Taraflar arasındaki boşanma davasından dolayı yapılan yargılama sonunda İlk Derece Mahkemesince davanın reddine karar verilmiştir.
Kararın davacı kadın vekili tarafından istinaf edilmesi üzerine, Bölge Adliye Mahkemesince başvurunun esastan reddine karar verilmiştir.

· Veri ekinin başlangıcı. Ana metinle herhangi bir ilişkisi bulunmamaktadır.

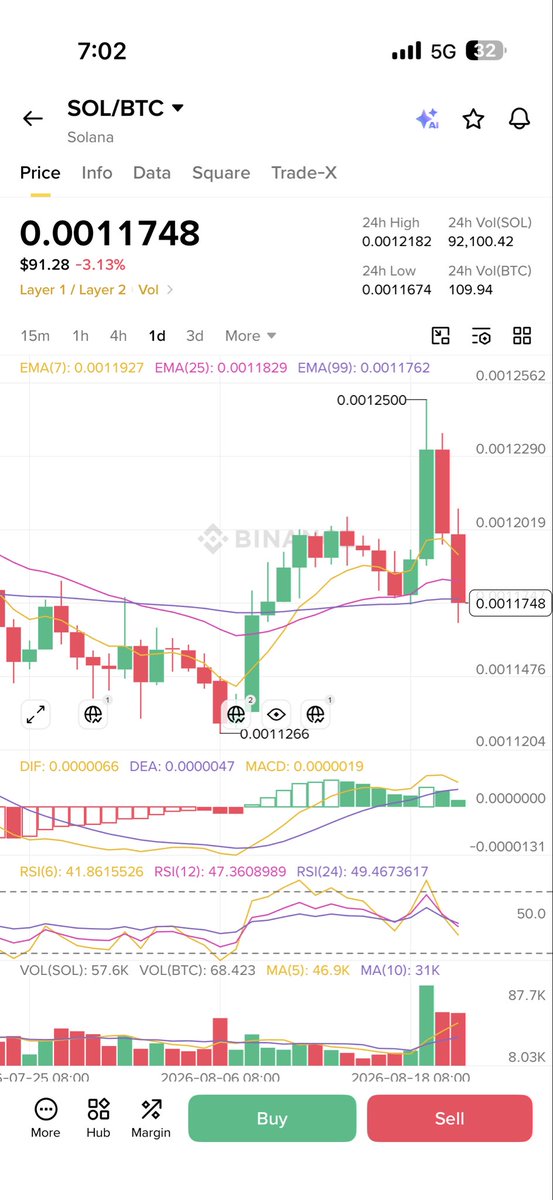 cryptodegenandy's tweet photo. $eth/$btc and $sol/$btc is overstretched with last one week movement.

If you are holding altcoins with good profits of more than 50% over last one week, will suggest to sell 30-50% first as altcoins will move down very fast when $btc retrace back below $70k after 1st Sept. https://t.co/XUOKr3V634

Bölge Adliye Mahkemesi kararı davacı kadın vekili tarafından temyiz edilmekle; kesinlik, süre, temyiz şartı ve diğer usul eksiklikleri yönünden yapılan ön inceleme sonucunda, temyiz dilekçesinin kabulüne karar verildikten ve Tetkik Hâkimi tarafından hazırlanan rapor dinlendikten sonra dosyadaki belgeler incelenip gereği düşünüldü:
I. DAVA
Davacı kadın dava dilekçesinde özetle; davalı erkeğin müvekkiline fiziksel şiddet uyguladığını, darp raporları, ceza davaları, uzaklaştırma kararlarının olduğunu, davalının kendisine küfür ve hakaret ettiğini, sorumsuz olduğunu, şiddet nedeniyle kulak zarına zarar verdiğini, müvekkiline ve ailesine iftira attığını, iddia ederek evlilik birlikteliğinin temelinden sarsılması nedeni ile tarafların boşanmalarına, ortak çocukların velâyetinin davacı anneye verilmesine, kadın yararına aylık 1.500,00 TL tedbir ve yoksulluk nafakasına, çocuklar yararına aylık ayrı ayrı 1.000,00 TL tedbir ve iştirak nafakasına davacı kadın yararına 100.000,00 TL maddî, 100.000,00 TL manevî tazminata karar verilmesini dava ve talep etmiştir.
II. CEVAP
Davalı erkeğe dava dilekçesi ve ekleri usulüne uygun tebliğ edilmesine rağmen davaya cevap vermemiştir
III. İLK DERECE MAHKEMESİ KARARI
İlk Derece Mahkemesinin yukarıda tarih ve sayısı belirtilen kararı ile; davacı kadının dava dilekçesinde delil bildirmediği, davalı erkeğin cevap dilekçesi sunmadığı, davacı kadının 06.02.2019 tarihli dilekçenin cevaba cevap dilekçesi olarak kabulünün ve bildirilen delillere itibar edilmesi mümkün olmadığını her ne kadar tanık beyanları alınmış ise de; tanık beyanlarının duyuma dayalı olduğu, bir kısmının eski olup daha sonra evlilik birliğinin dava tarihine kadar devam ettiğinden hükme esas alınamayacağı, aksi kabul edilse dahi Hukuk Genel Kurulu'nun 20.04.2016 gün ve 2014/695 2016/522, Hukuk Genel Kurulu'nun 27.1.2018 gün 2017/1588 esas 2018/2045 sayılı kararları nedeniyle tanık beyanlarına itibar edilemeyeceği, her iki taraf hakkında alınan raporlarda akıl zayıflığı tespit edilemediği gerekçesiyle, davacı kadının iddialarını kanıtlayamadığı, davanın reddine gerekçesiyle ortak çocukların velâyetlerinin tedbiren davalı babaya verilmesine, çocuklar ile anneleri arasında kişisel ilişki kurulmasına, çocuklar yararına ayrı ayrı aylık 350,00 TL tedbir nafakasına karar verilmiştir.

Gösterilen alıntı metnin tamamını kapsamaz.